◆ **Your assignment**
Retype the whole listing exactly. Leave out pictures.

◆ **Information shown**

↓↓↓

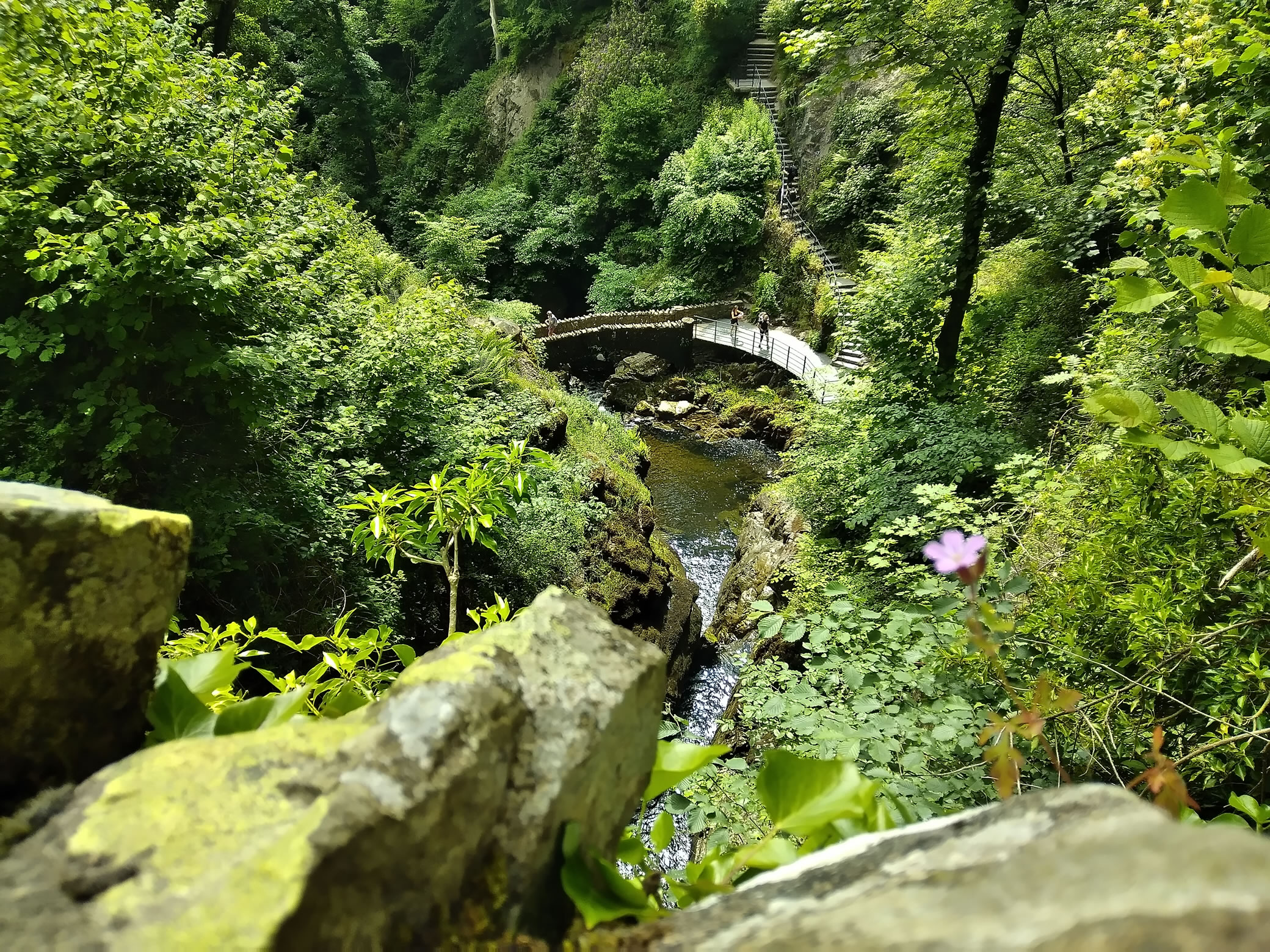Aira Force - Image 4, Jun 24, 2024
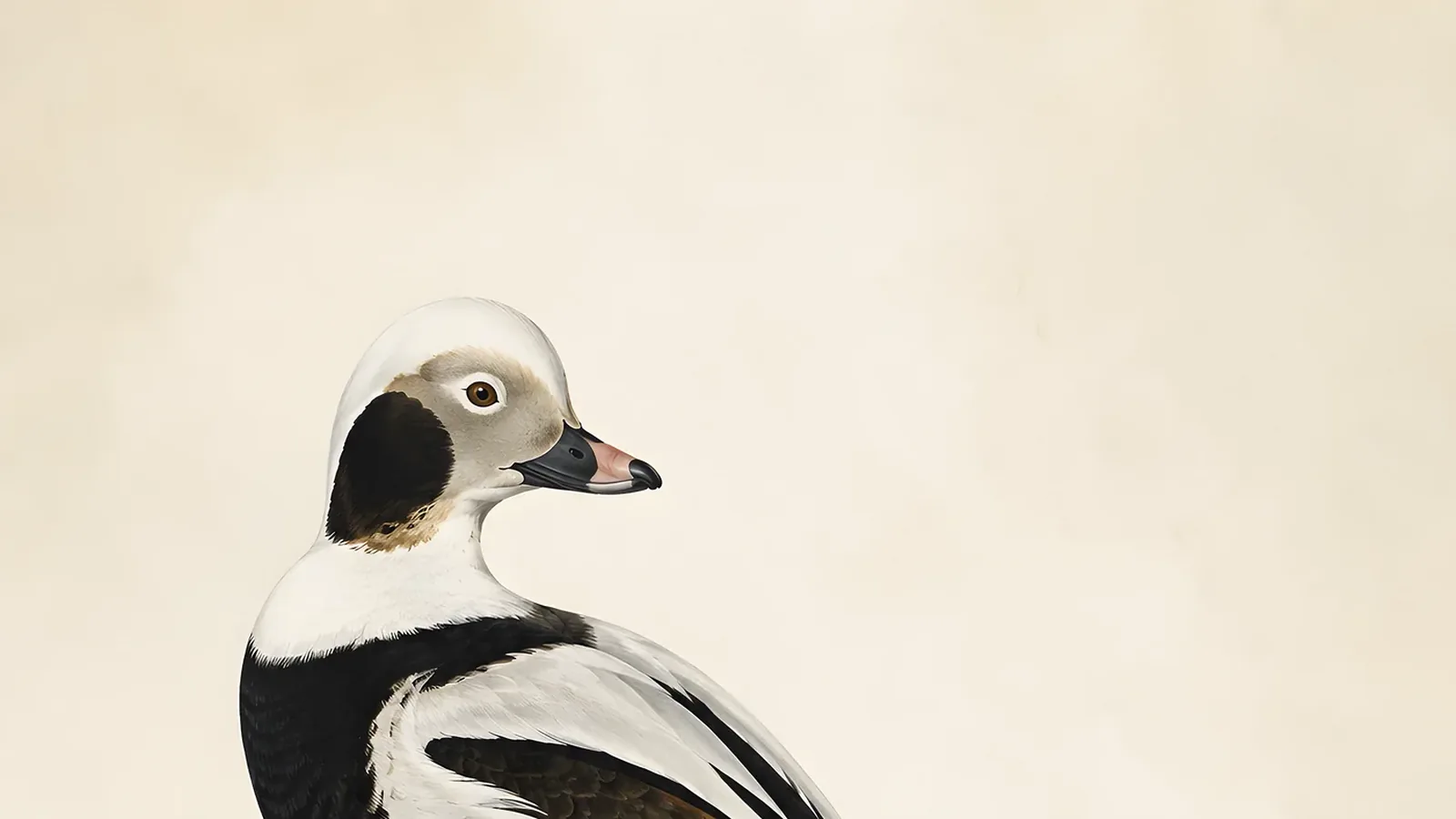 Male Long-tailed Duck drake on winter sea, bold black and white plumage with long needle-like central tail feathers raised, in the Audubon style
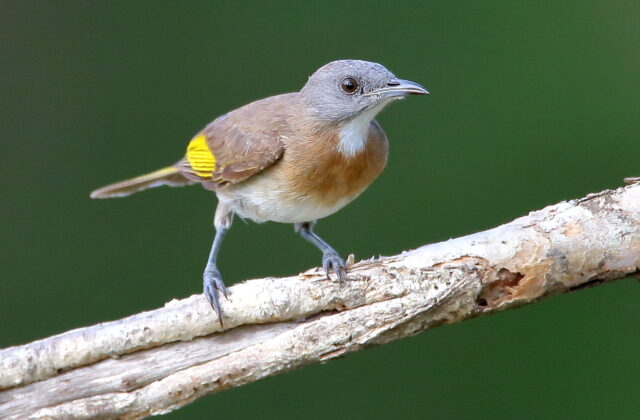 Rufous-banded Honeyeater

↑↑↑

◆ **Solution for this exercise**
Aira Force - Image 4, Jun 24, 2024
 Male Long-tailed Duck drake on winter sea, bold black and white plumage with long needle-like central tail feathers raised, in the Audubon style
 Rufous-banded Honeyeater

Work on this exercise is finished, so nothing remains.